While curbside collection is fast becoming a standard, backyard composting has also emerged as viable way for consumers to reduce food waste from both the trash and recycling streams while providing an end product that homeowners and residents can use to enhance their gardens, flower beds and lawns.
The only problem is that it typically takes six to 12 months to produce a practical amount of compost.
Until today.
Thanks to a Belgian company called GEME, the Zero Waste Smart Composter transforms food prep and table scraps into sustainable, usable compost within 12 to 24 hours.
How?
By deploying intelligent automation to essentially replicate nature’s role in the composting processing through the use of organic microbes within an automated churn chamber that generates heat, accelerates decomposition and produces nutrient-rich soil conditioner — in hours instead of months.
“Our hardware does most of the work,” GEME Director Alex Yun said.
“When waste is added to the GEME composter, our organic microbial package quickly multiplies, breaking down food waste matter into basic components.

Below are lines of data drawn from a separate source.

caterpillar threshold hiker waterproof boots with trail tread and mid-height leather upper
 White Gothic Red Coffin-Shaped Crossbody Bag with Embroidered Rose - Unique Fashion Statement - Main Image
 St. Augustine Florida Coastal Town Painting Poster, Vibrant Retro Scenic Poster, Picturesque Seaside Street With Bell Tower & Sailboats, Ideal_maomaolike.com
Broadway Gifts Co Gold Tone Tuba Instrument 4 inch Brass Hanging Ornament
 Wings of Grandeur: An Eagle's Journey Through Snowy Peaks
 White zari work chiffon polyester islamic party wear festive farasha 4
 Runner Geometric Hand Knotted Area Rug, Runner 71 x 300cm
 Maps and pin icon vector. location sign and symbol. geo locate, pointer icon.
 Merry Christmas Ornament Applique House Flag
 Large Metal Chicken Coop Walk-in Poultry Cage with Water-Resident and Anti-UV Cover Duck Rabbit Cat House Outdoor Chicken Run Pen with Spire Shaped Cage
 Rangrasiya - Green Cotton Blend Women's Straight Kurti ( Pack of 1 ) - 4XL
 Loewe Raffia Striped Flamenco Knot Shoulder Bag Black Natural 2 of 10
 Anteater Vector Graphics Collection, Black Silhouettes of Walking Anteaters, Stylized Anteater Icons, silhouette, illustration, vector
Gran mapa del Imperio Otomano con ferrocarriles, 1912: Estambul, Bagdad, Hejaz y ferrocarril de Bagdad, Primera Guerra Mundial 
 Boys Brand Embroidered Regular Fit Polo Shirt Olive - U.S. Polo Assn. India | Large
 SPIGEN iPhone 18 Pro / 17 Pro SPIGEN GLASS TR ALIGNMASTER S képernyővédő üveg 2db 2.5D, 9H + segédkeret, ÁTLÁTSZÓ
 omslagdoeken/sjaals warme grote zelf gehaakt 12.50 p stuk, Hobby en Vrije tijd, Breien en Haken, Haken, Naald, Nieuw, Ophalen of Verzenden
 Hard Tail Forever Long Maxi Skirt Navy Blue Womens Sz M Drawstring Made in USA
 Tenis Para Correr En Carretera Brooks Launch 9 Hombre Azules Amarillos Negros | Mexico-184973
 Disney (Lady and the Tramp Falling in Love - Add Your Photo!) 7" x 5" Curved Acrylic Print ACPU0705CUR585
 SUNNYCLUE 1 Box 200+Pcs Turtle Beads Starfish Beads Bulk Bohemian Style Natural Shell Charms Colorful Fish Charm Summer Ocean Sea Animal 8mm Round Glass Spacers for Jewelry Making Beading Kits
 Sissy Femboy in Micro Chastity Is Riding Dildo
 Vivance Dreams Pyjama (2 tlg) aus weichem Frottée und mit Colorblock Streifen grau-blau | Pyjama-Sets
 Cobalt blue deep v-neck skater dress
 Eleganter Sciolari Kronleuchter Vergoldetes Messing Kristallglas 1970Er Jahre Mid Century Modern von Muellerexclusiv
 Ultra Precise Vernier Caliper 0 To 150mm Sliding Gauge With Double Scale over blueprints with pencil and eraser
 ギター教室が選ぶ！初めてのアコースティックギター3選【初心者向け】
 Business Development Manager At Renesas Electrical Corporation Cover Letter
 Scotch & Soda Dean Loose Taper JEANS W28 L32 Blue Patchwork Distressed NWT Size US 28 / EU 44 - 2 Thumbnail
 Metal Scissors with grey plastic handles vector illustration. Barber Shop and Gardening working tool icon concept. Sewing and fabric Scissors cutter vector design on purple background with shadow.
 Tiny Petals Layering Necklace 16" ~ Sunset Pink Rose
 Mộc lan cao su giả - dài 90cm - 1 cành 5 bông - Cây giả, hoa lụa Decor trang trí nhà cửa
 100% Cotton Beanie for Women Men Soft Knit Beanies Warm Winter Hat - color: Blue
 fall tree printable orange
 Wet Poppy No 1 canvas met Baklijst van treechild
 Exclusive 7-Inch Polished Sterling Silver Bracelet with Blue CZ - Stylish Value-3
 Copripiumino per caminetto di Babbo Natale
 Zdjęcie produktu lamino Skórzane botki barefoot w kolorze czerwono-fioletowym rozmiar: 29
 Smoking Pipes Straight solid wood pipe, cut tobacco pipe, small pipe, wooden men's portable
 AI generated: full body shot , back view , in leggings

The process generates heat, accelerating decomposition and producing the nutrient-rich soil conditioner that enhances soil health and plant growth, all within a period of six to 12 hours.”
While the original GEME product was released to the U.S. market in mid-2022, the company is now touting its revolutionary new design, the GEME Terra 2, scheduled for U.S. distribution in April.
“The next generation product will accept more than 12 pounds of food waste, which will ultimately yield a little over one pound of compost,” Yun said.
Plus, he said, the Terra 2 is a smaller, more compact unit designed to accelerate the composting process, thanks to advanced sensors and AI-powered features.
“The new product will offer a streamlined composting experience for people who want to make a positive environmental impact.”
The economic and environmental benefits, Yun said, actually transcend the product’s use in a purely home environment.
“By converting food scraps into valuable compost, our product supports sustainable farming practices by creating a recurring cycle where waste quickly becomes compost, which in turn produces better, richer soil, which creates an even better environment for crops and plants,” Yun said.
While that approach solves a problem of today, the company’s next venture promises to make an even greater impact.
“We are also capable of producing — on immediate demand — a commercial food composting product for use in restaurants and the food service industry capable of producing over 1,000 pounds of compost each day,” Yun said.
“This creates an environment where restaurants and farmers become part of a circular economy. Restaurants purchase organic product from farmers who typically purchase their own organic fertilizer. But since the restaurants can use the GEME commercial composter to create a product the farmers need, they can provide that fertilizer back to the growers, which will ultimately create savings for everybody. It essentially turns the restaurant into a compost producer, instead of a food waste producer.”
The commercial product, Yun said, can be custom ordered for short-term production and delivery.